When Filesystem Check fixes errors, it modifies the filesystem metadata and can sometimes lead to unexpected changes to the filesystem. Pay close attention to the issues reported by fsck
and ensure you understand the impact of proceeding before letting it fix unsafe issues.
- This feature is currently available only for ext4 filesystems.
- Filesystem check can be performed only on unmounted volume
- You cannot detach a volume when filesystem check is running on it.
- You can only run 1 instance of Filesystem check on a volume at-a-time
- You can only run 1 instance of Filesystem check per system. This is to reduce the impact on IO performance for user workloads running on that node.

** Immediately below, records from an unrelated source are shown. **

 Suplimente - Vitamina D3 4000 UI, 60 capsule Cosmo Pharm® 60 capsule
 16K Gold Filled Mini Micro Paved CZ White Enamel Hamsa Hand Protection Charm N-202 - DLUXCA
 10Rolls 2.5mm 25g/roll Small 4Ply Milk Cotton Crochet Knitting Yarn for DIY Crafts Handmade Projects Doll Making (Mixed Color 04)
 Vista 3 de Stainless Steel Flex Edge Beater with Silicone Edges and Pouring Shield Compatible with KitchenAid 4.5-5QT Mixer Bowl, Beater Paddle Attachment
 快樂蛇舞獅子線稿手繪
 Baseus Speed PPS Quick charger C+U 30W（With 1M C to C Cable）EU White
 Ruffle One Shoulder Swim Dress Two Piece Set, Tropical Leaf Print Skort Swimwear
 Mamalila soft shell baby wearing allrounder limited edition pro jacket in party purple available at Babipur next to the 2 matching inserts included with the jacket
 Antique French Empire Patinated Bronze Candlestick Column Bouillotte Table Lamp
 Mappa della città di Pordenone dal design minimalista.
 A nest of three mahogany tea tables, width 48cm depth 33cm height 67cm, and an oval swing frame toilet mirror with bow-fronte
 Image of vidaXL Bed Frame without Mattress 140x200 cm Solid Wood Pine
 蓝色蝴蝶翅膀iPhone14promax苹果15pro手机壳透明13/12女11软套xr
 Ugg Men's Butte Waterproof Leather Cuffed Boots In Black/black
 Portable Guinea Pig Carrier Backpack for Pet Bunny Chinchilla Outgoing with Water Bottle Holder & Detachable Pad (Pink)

- You must start filesystem check operations from the node on which the volume's storage is mounted
You can use fsck
by entering pxctl
commands on the node which contains your volume and mounted block storage:
Check a volume's health
Open a shell session with the Portworx node that contains the volume you intend to check the health of.
Unmount the volume.
Start the volume check operation by entering the
pxctl volume check start
command with the--mode
flag set tocheck_health
and specify the name of the volume you want to check:pxctl volume check start --mode check_health <volume_name>
View the results of the volume check operation by entering the
pxctl volume check status
command, specifying the name of the volume you want to check:pxctl volume check status <volume_name>
The command will output any issues present on the volume and whether or not they're considered safe to fix by Filesystem Check.
Mount the volume.
Fix issues
Once you've checked your volume's health and determined if the issues can be fixed by fsck
safely, you can instruct Portworx to fix the issues. Before it performs a fix operation, Portworx creates a volume snapshot to help you recover your data in case something goes wrong.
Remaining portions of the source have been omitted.